After portraying the life of rural peasants as close to idyllic, Friedrich Engels – in his hugely influential 1845 book, The Condition of the Working Class in England – decried the hell of factory work in towns:
The division of labour has multiplied the brutalizing influences of forced work. In most branches the worker’s activity is reduced to some paltry, purely mechanical manipulation, repeated minute after minute, unchanged year after year. How much human feeling, what abilities can a man retain in his thirtieth year, who has made needle points or filed toothed wheels twelve hours every day from his early childhood, living all the time under the conditions forced upon the English proletarian? It is still the same thing since the introduction of steam. The worker’s activity is made easy, muscular effort is saved, but the work itself becomes unmeaning and monotonous to the last degree. It offers no field for mental activity, and claims just enough of his attention to keep him from thinking of anything else. And a sentence to such work, to work which takes his whole time for itself, leaving him scarcely time to eat and sleep, none for physical exercise in the open air, or the enjoyment of Nature, much less for mental activity, how can such a sentence help degrading a human being to the level of a brute? Once more the worker must choose, must either surrender himself to his fate, become a “good” workman, heed “faithfully” the interest of the bourgeoisie, in which case he most certainly becomes a brute, or else he must rebel, fight for his manhood to the last, and this he can only do in the fight against the bourgeoisie.
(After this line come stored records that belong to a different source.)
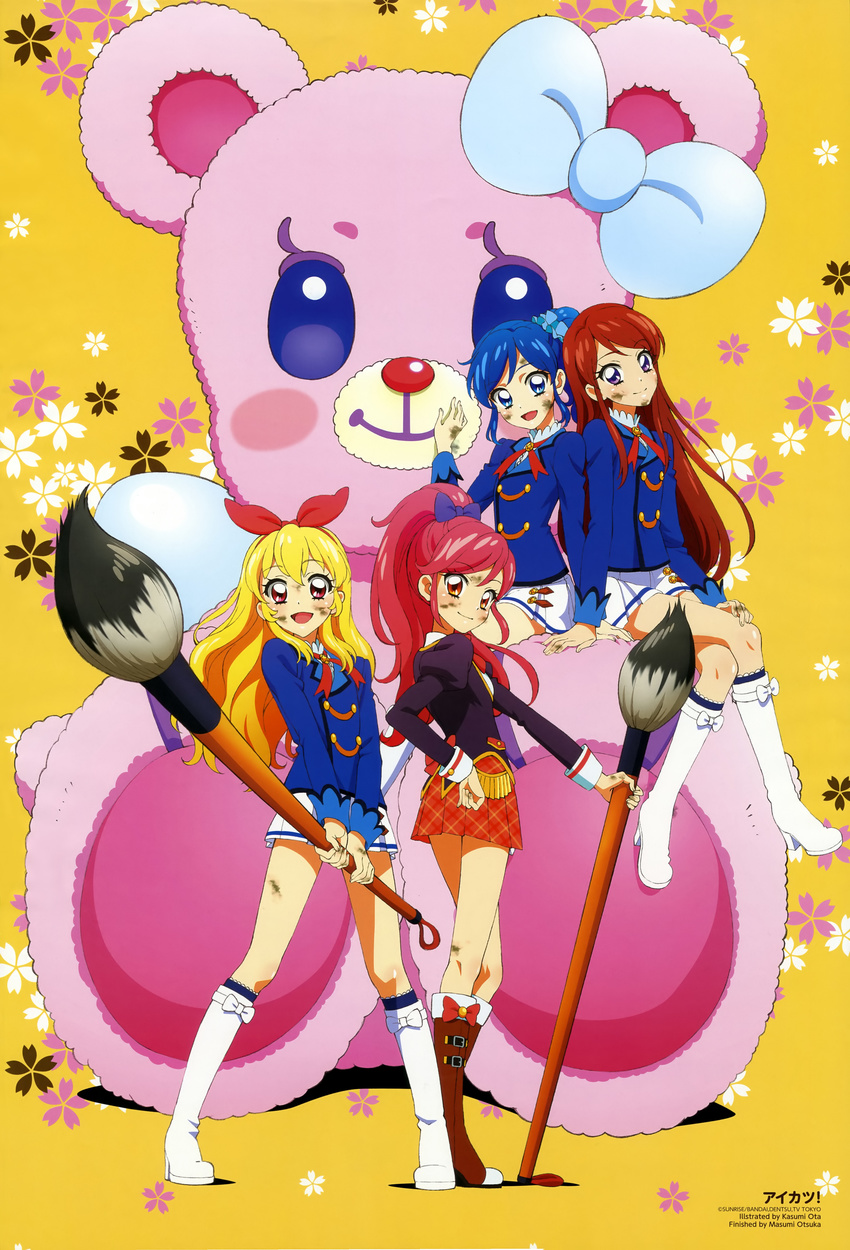 :d absurdres aikatsu! aikatsu!_(series) animage blazer blonde_hair blue_eyes blue_hair boots bow brown_hair calligraphy_brush crossed_legs dream_academy_uniform hair_bow highres hoshimiya_ichigo jacket juliet_sleeves kiriya_aoi knee_boots long_hair long_sleeves multiple_girls official_art oota_kasumi open_mouth otoshiro_seira oversized_object paint_stains paintbrush plaid plaid_skirt ponytail puffy_sleeves purple_eyes red_eyes red_hair scan school_uniform scrunchie shibuki_ran side_ponytail sitting skirt smile starlight_academy_uniform stuffed_animal stuffed_toy sunrise_stance teddy_bear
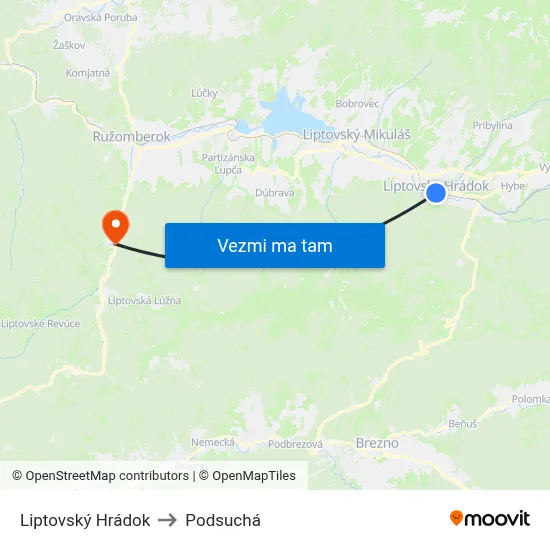 Liptovský Hrádok to Podsuchá map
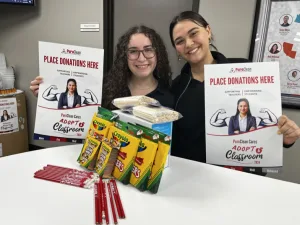 PuroClean employees with donations from the homeoffice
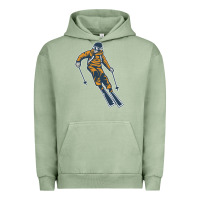 Pigment Oil Green born to ski Urban Hoodie - artisFamous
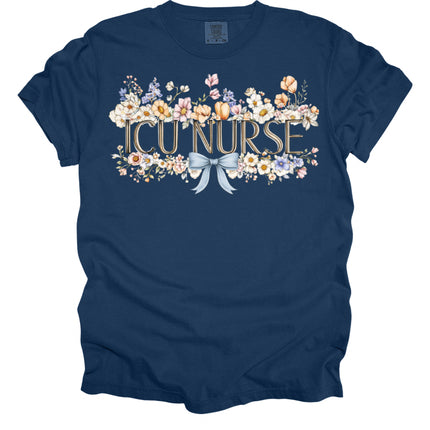 Spring Floral Nurse - Comfort Colors T-Shirt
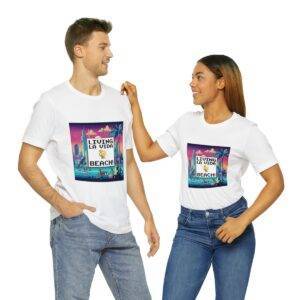 Living La Vida, Beach! / Men's Miami Pixel T-shirt - Imagen 22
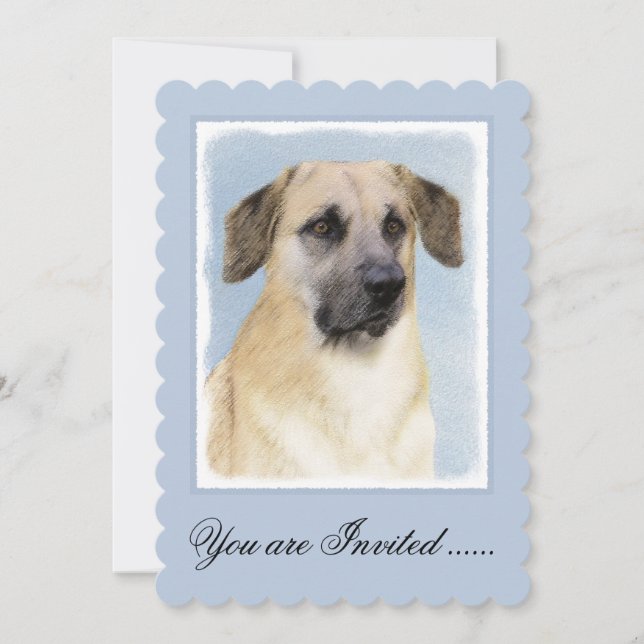 Invitación Pintura de Chinook (Orejas caídas) - Arte Perro Or (Anverso)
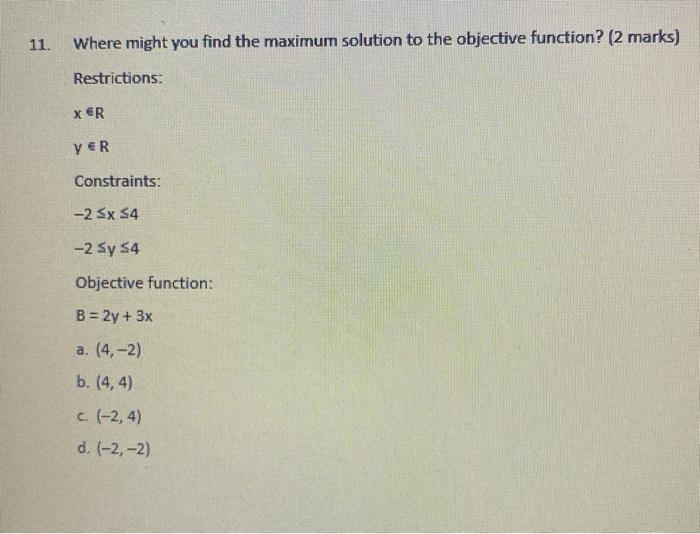 Solved 11. Where might you find the maximum solution to the | Chegg.com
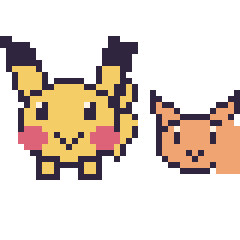 Pixel art Pikachu et Goupix mini, grille 40 × 40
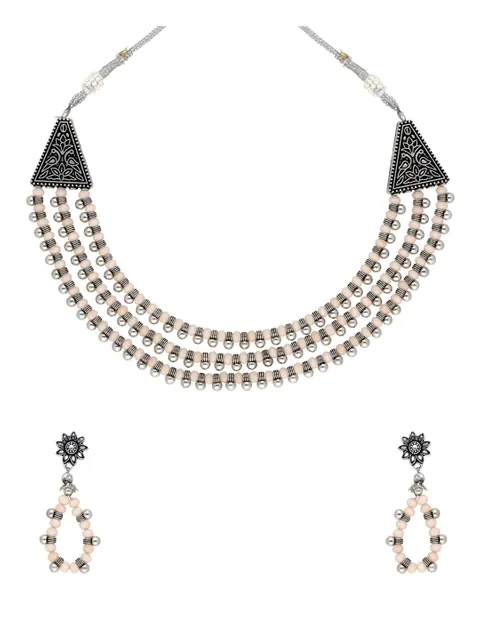 Oxidised Necklace Set in Peach color - CNB31434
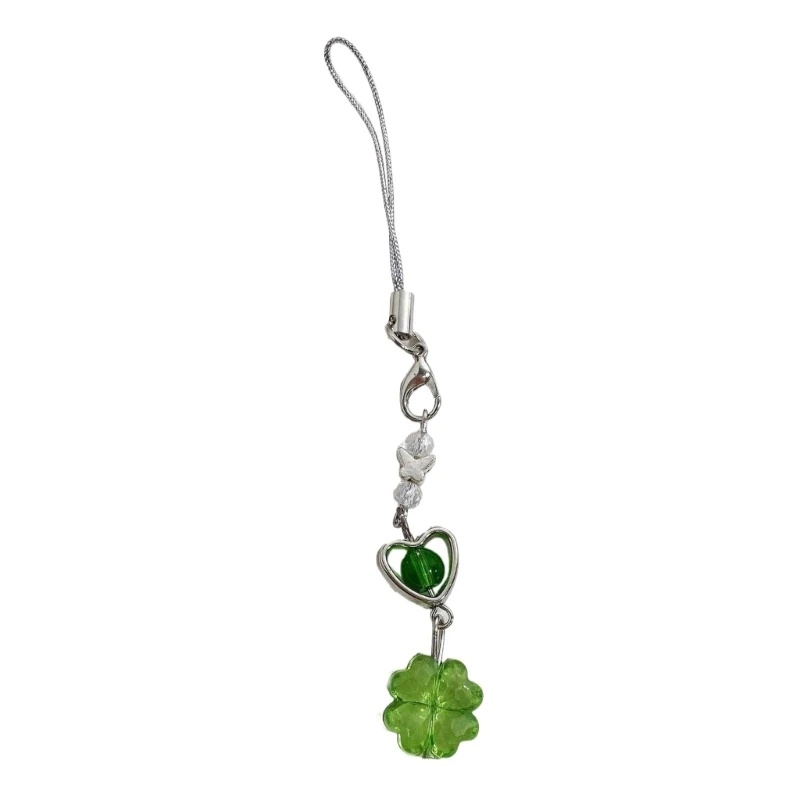 Four Leaf Clovers Bead Phone Lanyard Lucky Clovers Phone Jewelry Easy Attach Bead Accent Phone Chain Lanyard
Writing 120 years later, the late E.P. Thompson declared, in his The Making of the English Working Class, that the industrial revolution had a “truly catastrophic nature [which brought] intensified exploitation, greater insecurity and increasing human misery.” And in this century Thomas Piketty agrees, cavalierly taking to be descriptive of reality the fictional portrayals of industrial life by novelists such as Charles Dickens and Émile Zola. The belief remains widespread that the astronomically higher living standards enjoyed by us denizens of 20th and 21st century modernity were purchased at the price of subjecting ordinary workers in the late 18th and early 19th centuries to unprecedentedly brutal toil, privation, and peril.
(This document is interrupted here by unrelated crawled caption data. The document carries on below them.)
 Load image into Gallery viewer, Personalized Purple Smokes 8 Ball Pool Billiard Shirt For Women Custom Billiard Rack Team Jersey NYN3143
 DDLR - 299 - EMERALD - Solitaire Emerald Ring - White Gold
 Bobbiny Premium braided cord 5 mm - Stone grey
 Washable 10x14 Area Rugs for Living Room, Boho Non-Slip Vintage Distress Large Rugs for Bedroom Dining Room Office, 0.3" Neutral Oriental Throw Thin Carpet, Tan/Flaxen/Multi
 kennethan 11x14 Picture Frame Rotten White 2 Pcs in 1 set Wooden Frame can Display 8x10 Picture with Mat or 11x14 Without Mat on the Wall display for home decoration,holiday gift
Careful quantitative research by economic historians has exposed these horror accounts of the industrial revolution as false. This research shows that inflation-adjusted daily wages began rising no later than 1840, and likely much earlier. Inflation-adjusted annual incomes began rising even sooner as work became more steady. Even in the last half of the 18th century, the households and bellies of ordinary people were growing accustomed to goods and foods that, just a few years earlier, were available only to the rich. The economic historian Peter Mathias found that “quite a lot of evidence suggests that beer sales per head were rising toward the end of the [18th] century; that the working masses were demanding wheaten bread and meat more insistently in the 1780s than when the century opened.”
For more on these quantified data, consult the work of, among others, Nathan Rosenberg and L.E. Birdzell. Of Gregory Clark. Of Peter Lindert and Jeffrey Williamson. Of Jane Humphries and Jacob Weisdorf. Of Mark Koyama and Jared Rubin. And of Deirdre McCloskey. This research overwhelmingly justifies McCloskey’s call to rename the past 200 or so years as “the Great Enrichment,” with the period commonly called “the industrial revolution” being simply the launch of this Enrichment.
By all means, consult the quantitative data. They’re vital.
But consult also the fascinating non-quantitative research of historian Emma Griffin. In her 2013 book, Liberty’s Dawn: A People’s History of the Industrial Revolution, Griffin reports the results of her deep-dive into 350 personal accounts written by ordinary British workers from the late 18th through the mid-19th centuries. These “autobiographies,” as Griffin calls them, unfailingly reveal lives, at home and at work, that were incomparably harder and more perilous than are the lives of Brits and Americans today. Yet they also reveal that these workers overwhelmingly believed themselves to have benefitted from the unprecedented economic change in Britain during the first several decades of the Great Enrichment.
Consider, for example, John Bennett, a carpenter who was born in a rural English village in 1787.
Writing down his memories at the end of his life [recounts Griffin], he asked his children to “Look back and see what troublesome times we had during my bringing up.” He told them ‘the working classes in my opinion, was never as well off’ as they were in the present day…. Bennett saw the developments he observed in the most positive terms. He did not think simply that life had changed. He thought it had done so for the better.
Griffin continues a few lines later:
What is striking is the degree of agreement between the autobiographers concerning the general tenor of the changes they had witnessed. All through the nineteenth century, writers sound the same celebratory notes of improvement and progress….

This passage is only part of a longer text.